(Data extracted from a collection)
##########

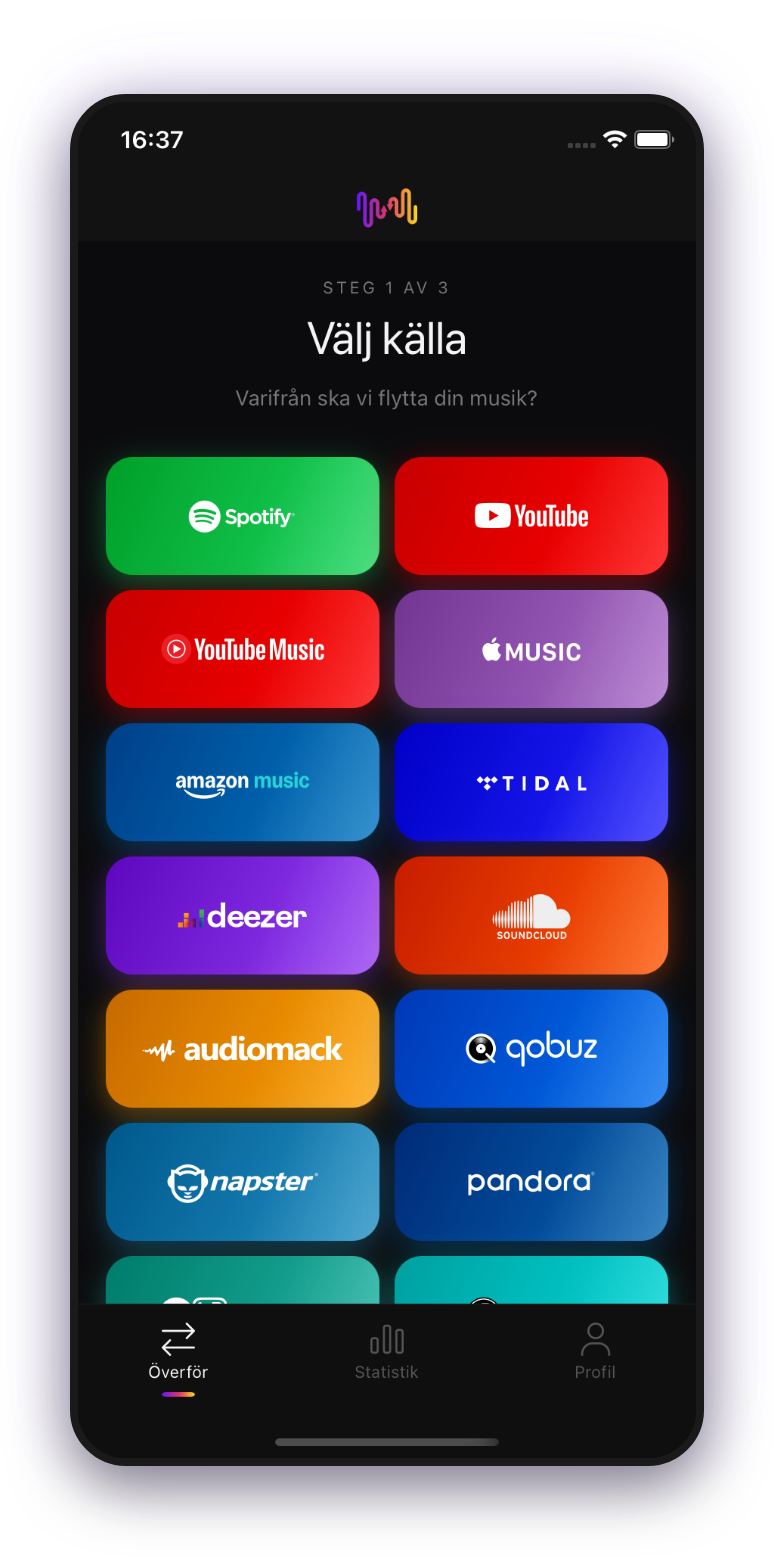 FreeYourMusic mobiel — bron kiezen
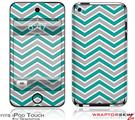iPod Touch 4G Skin Zig Zag Teal and Gray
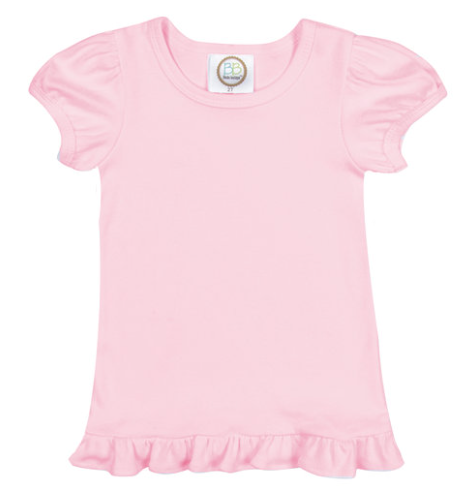 Ruffle Hem Puff Sleeve Tee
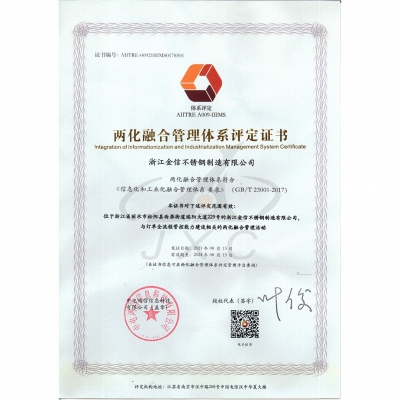 Two-in-one integration management system assessment certificate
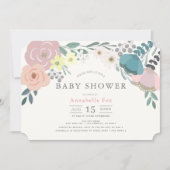 Spring Floral Girl Roze Baby shower Kaart (Voorkant)
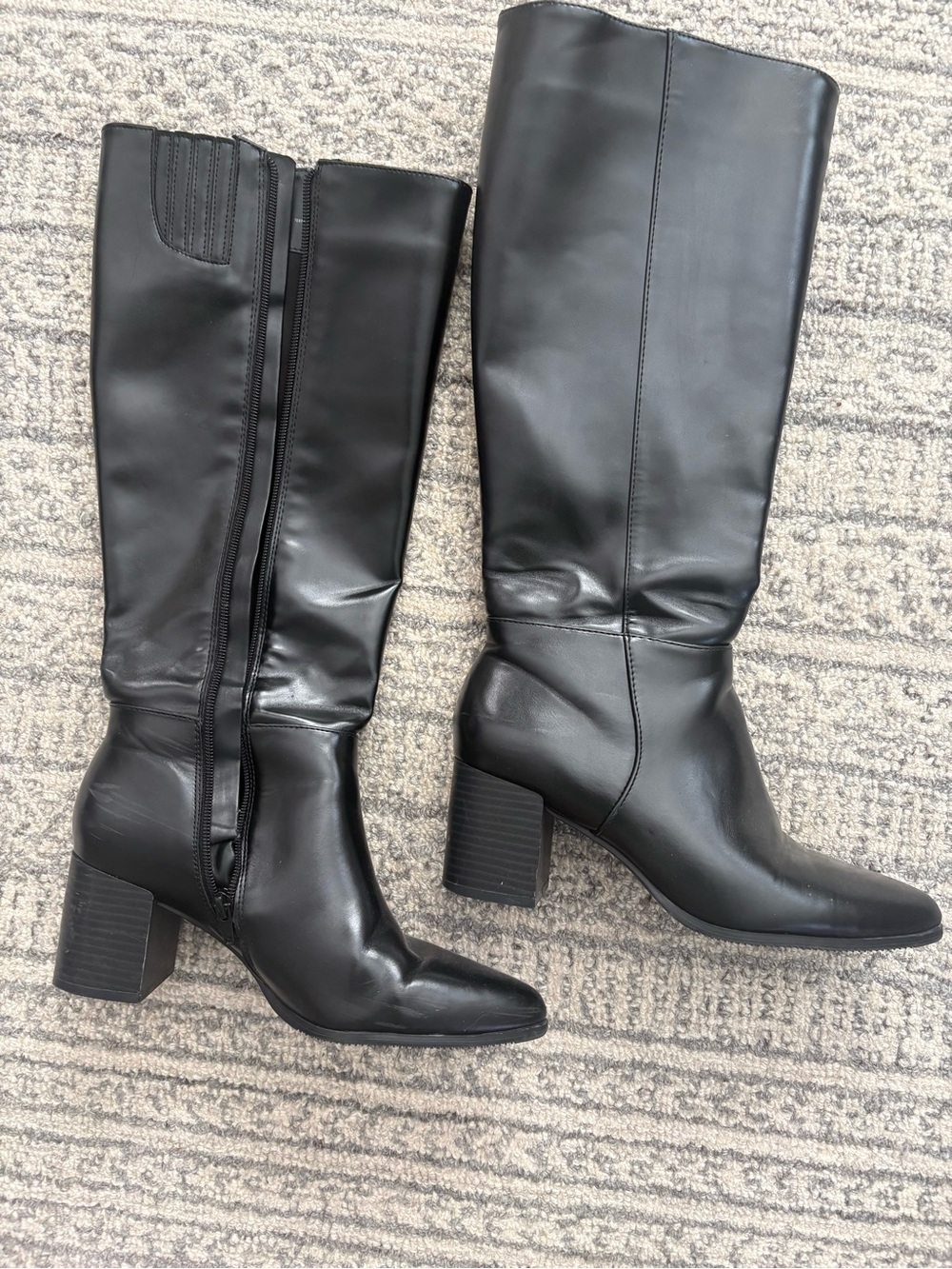 Kelly & Katie Black Over-the-Knee Block Heel Boots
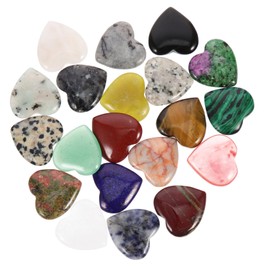 Mobestech 20Pcs Aquarium Decorations Heart Shaped Crystal Stones for Fish Tank Landscaping Fresh and Chic Decorative Ornaments for Beautiful Environment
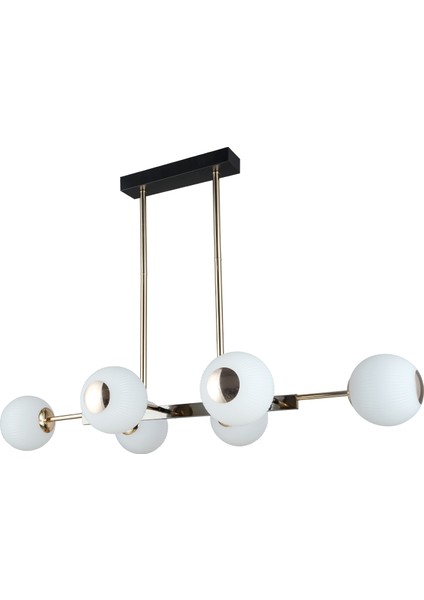 Sofia Sıralı 60 Watt Siyah Gold Modern Oturma Odası, Yemek Masası Üstü, Salon Avize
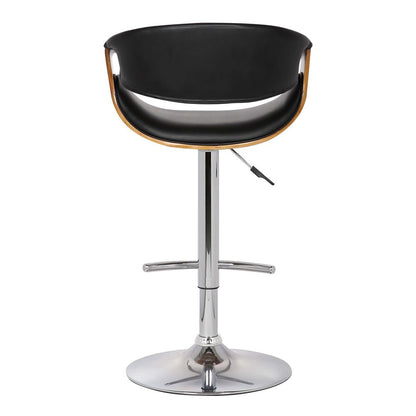 Black And Silver Fabric And Solid Wood Low Back Adjustable Height Swivel Bar Chair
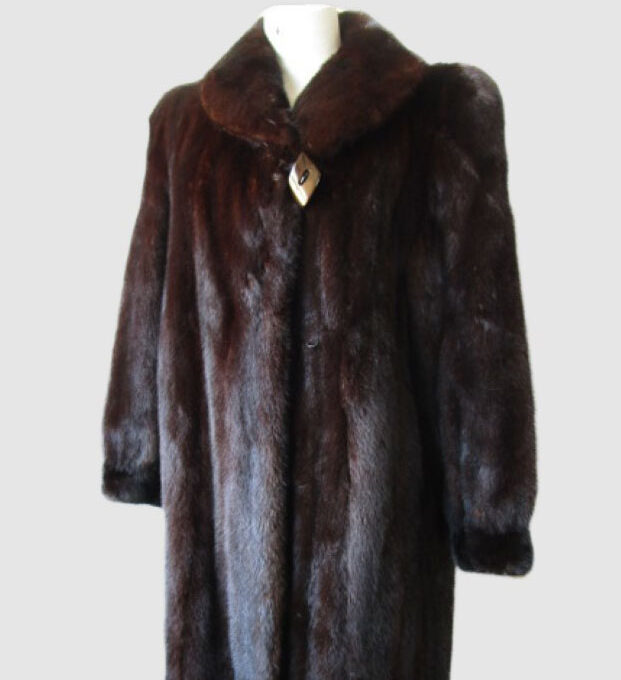 Women's Sz 10 Natural Dark Ranch Mink Fur Coat Jacket MINT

##########

WORK INSTRUCTIONS: The copy you give must run from the line containing "Kelly & Katie" through the last line of the records, exactly, with the pictures left out.

ANSWER BELOW:
 Kelly & Katie Black Over-the-Knee Block Heel Boots
 Mobestech 20Pcs Aquarium Decorations Heart Shaped Crystal Stones for Fish Tank Landscaping Fresh and Chic Decorative Ornaments for Beautiful Environment
 Sofia Sıralı 60 Watt Siyah Gold Modern Oturma Odası, Yemek Masası Üstü, Salon Avize
 Black And Silver Fabric And Solid Wood Low Back Adjustable Height Swivel Bar Chair
 Women's Sz 10 Natural Dark Ranch Mink Fur Coat Jacket MINT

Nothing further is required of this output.